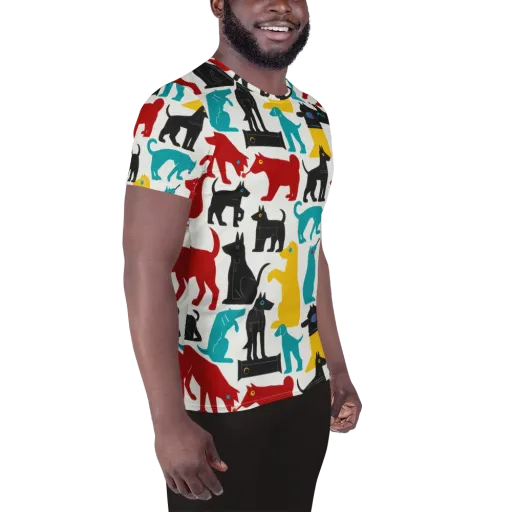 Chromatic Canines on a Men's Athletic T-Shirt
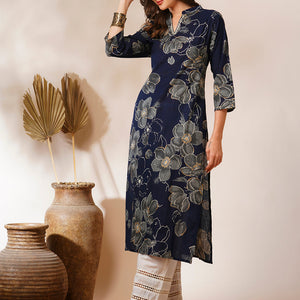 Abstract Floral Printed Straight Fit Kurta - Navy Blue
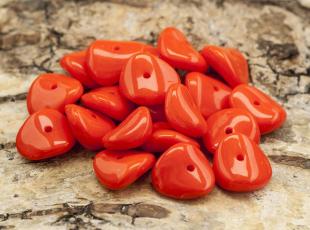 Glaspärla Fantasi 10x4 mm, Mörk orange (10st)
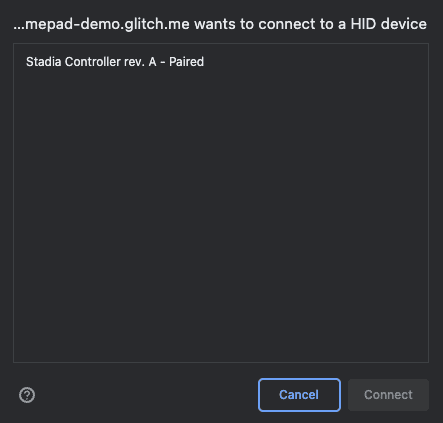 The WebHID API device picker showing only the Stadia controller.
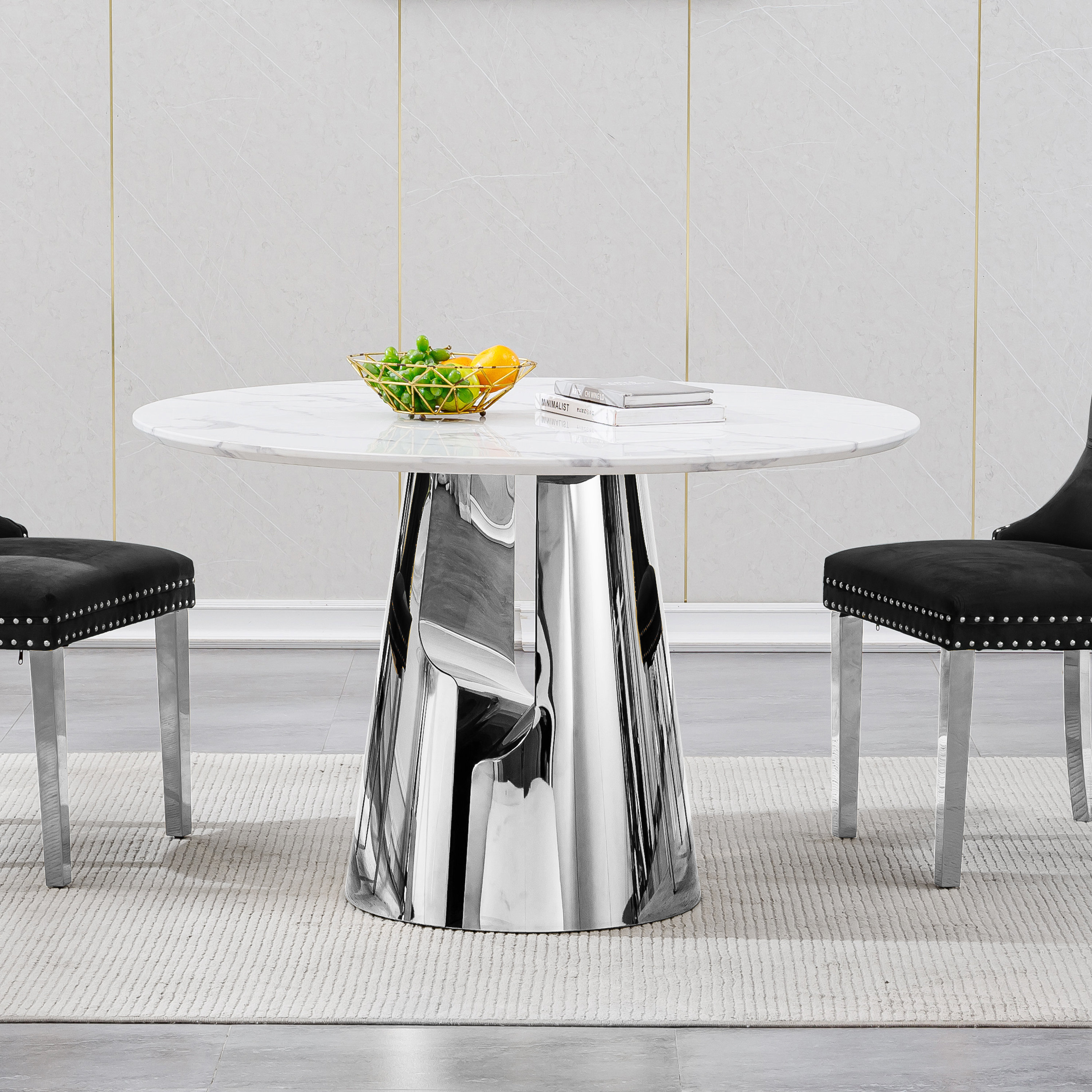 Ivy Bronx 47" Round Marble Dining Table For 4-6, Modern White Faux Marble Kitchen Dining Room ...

※ ※ ※

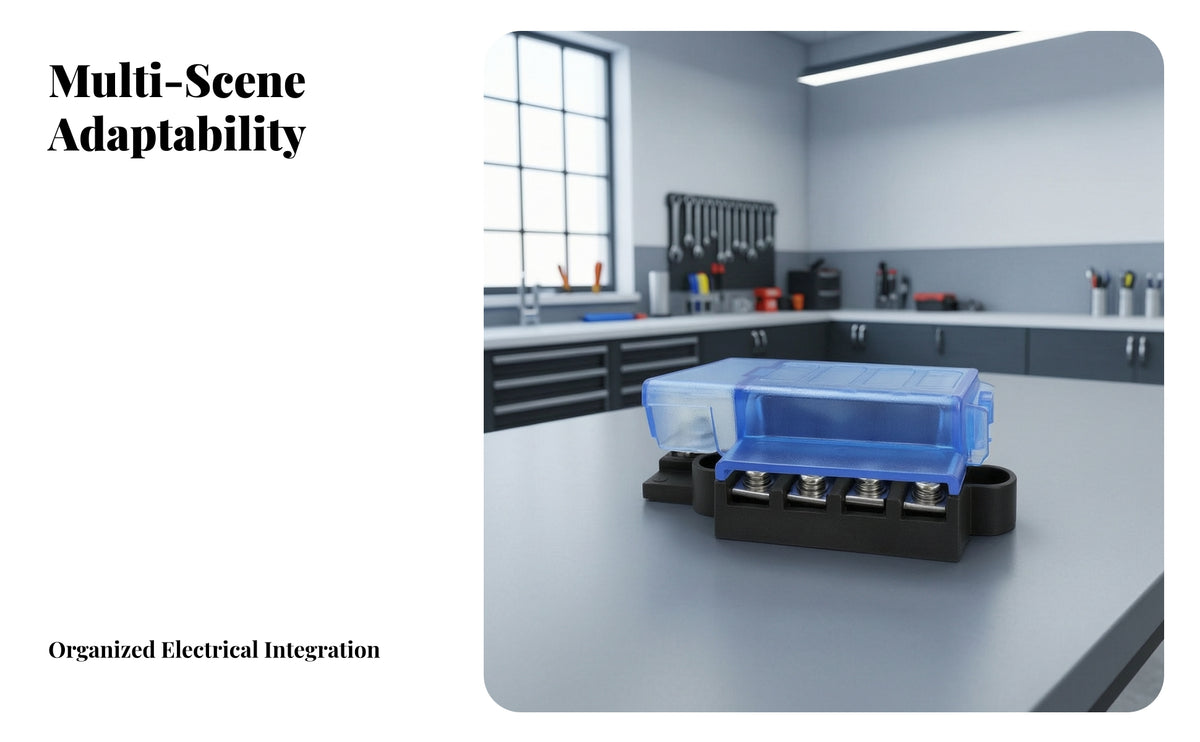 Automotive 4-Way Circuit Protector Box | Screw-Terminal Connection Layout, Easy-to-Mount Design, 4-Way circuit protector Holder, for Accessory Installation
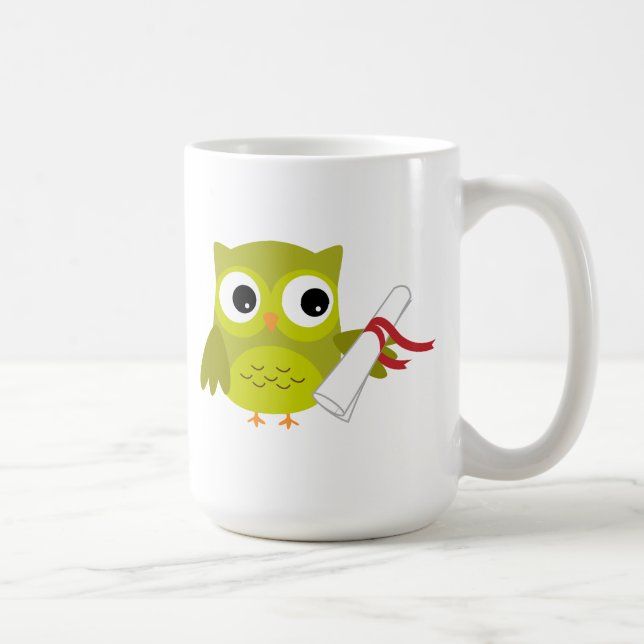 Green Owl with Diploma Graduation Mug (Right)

※ ※ ※

Your answer must be the lines above from the one holding "The WebHID API" up to and including the one holding "Dining Room ...", exact and with no pictures.

 The WebHID API device picker showing only the Stadia controller.
 Ivy Bronx 47" Round Marble Dining Table For 4-6, Modern White Faux Marble Kitchen Dining Room ...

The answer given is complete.